(EXERCISE AIM): The task calls for every entry to be printed word for word, without the images.

(Collected data entries)
________________________

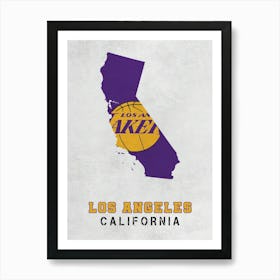 Los Angeles Lakers California State Map Art Print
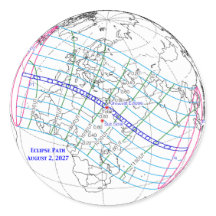 Mapa do Eclipse Solar Total de 2027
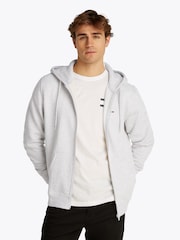 Tommy Jeans Grey Grey Flag Zip Up Hoodies - Image 1 of 1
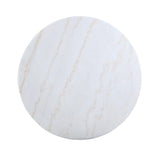 Close-up detail of Kella white marble table top and brass base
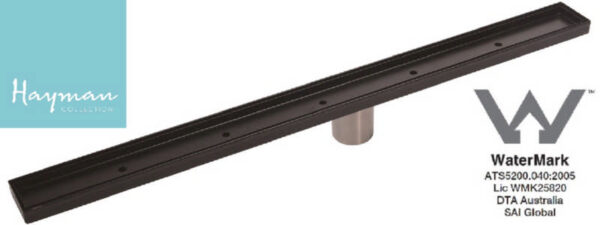 Floor Long Drain Black - 600mm Tile-In Cover 316 S/Steel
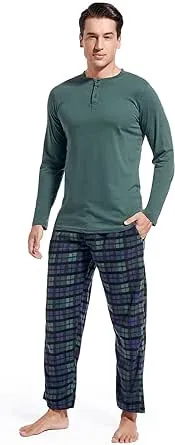 DG Hill Mens Pajama Pants - Pajamas for Men Fleece Pyjamas Bottoms Cotton T Shirt - Pajamas Set Flannel PJ Pants Sleepwear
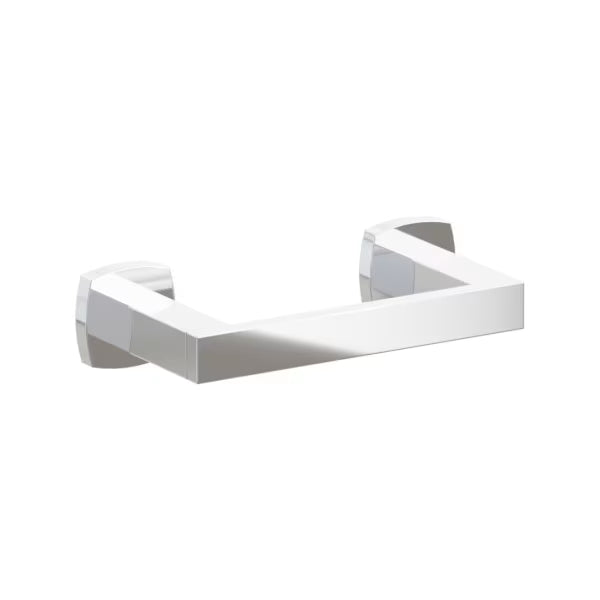 Emtek Modern Rectangular Brass Pivoting Double Post Paper Holder with Soft Square Rosette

________________________

(SOLUTION TO THIS TASK):
 Los Angeles Lakers California State Map Art Print
 Mapa do Eclipse Solar Total de 2027
 Tommy Jeans Grey Grey Flag Zip Up Hoodies - Image 1 of 1
 Close-up detail of Kella white marble table top and brass base
 Floor Long Drain Black - 600mm Tile-In Cover 316 S/Steel
 DG Hill Mens Pajama Pants - Pajamas for Men Fleece Pyjamas Bottoms Cotton T Shirt - Pajamas Set Flannel PJ Pants Sleepwear
 Emtek Modern Rectangular Brass Pivoting Double Post Paper Holder with Soft Square Rosette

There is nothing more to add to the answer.